▶ **EXERCISE**:
Reproduce the listing below exactly, minus its pictures.

** Opening GIVEN INFORMATION block **

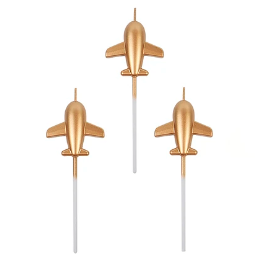 Velas de avion dorada 3pcs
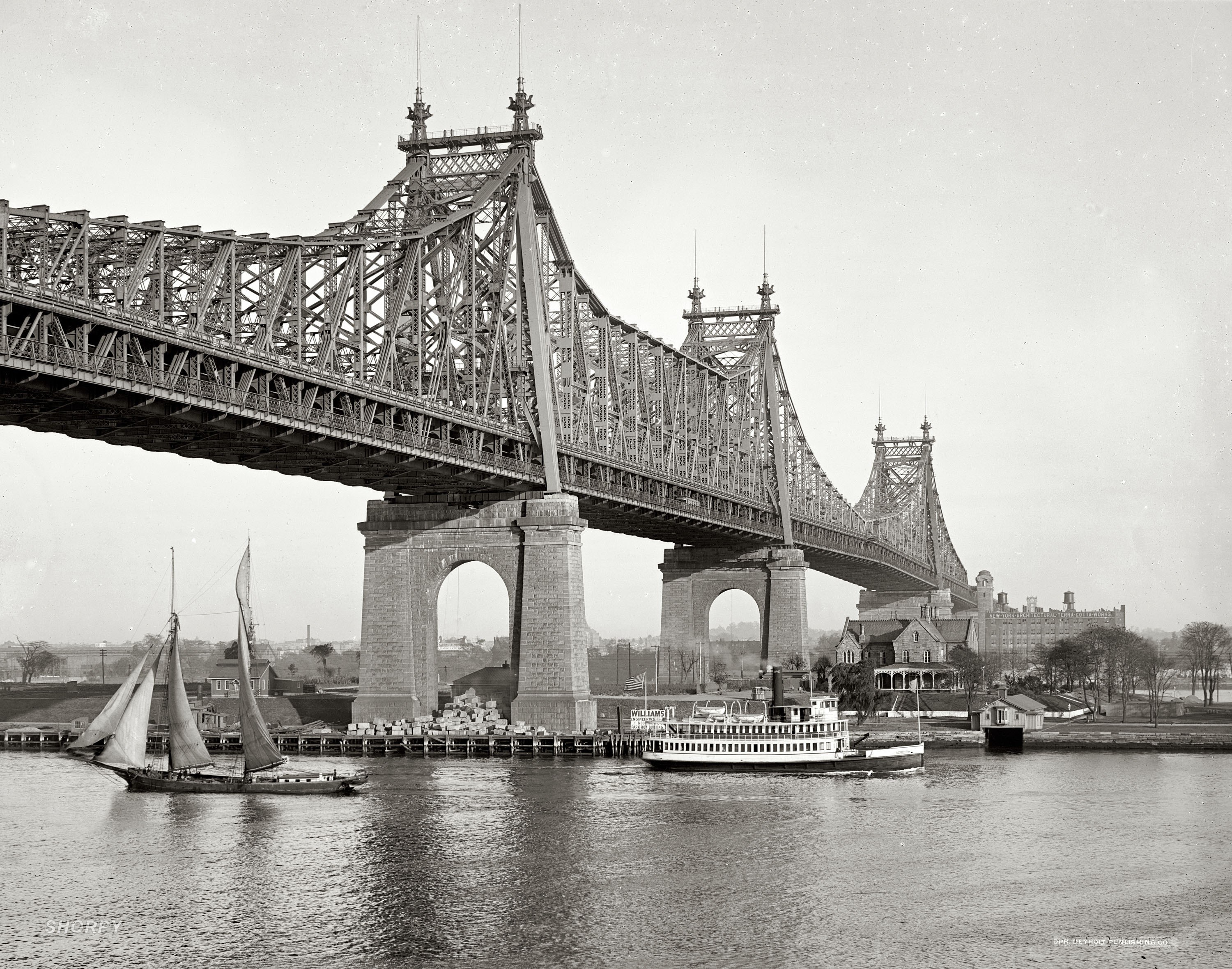 Queensboro Bridge with boats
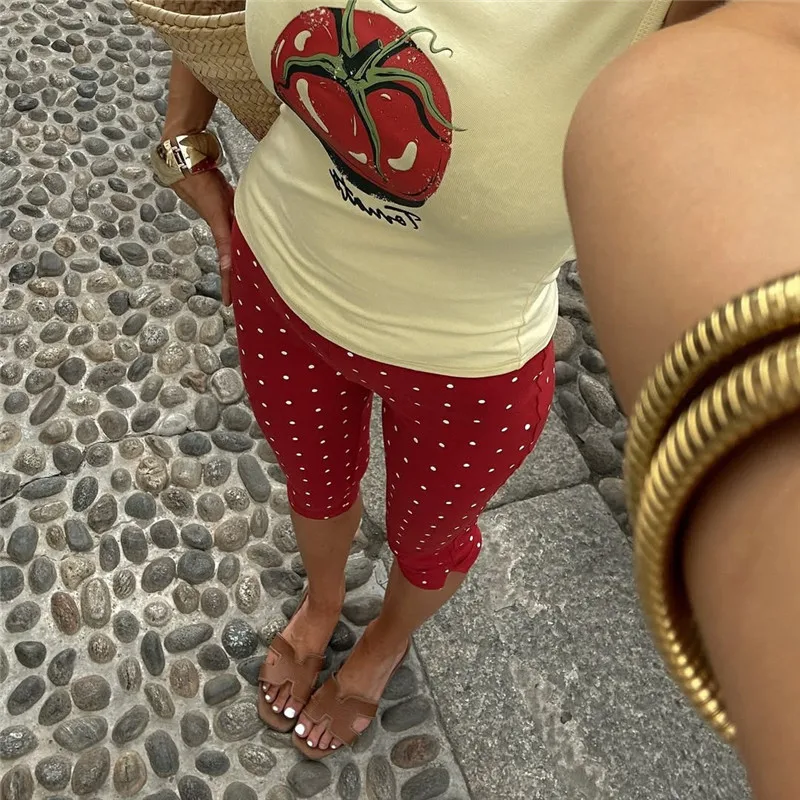 Women Y2k Polka Dot Printed Capris Cute Low Rise Stretchy Cropped Pants Side Bow Tie Skinny Capri Leggings Going Out Streetwear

** Closing GIVEN INFORMATION block **

▶ **EXERCISE RESPONSE**:
 Velas de avion dorada 3pcs
 Queensboro Bridge with boats
 Women Y2k Polka Dot Printed Capris Cute Low Rise Stretchy Cropped Pants Side Bow Tie Skinny Capri Leggings Going Out Streetwear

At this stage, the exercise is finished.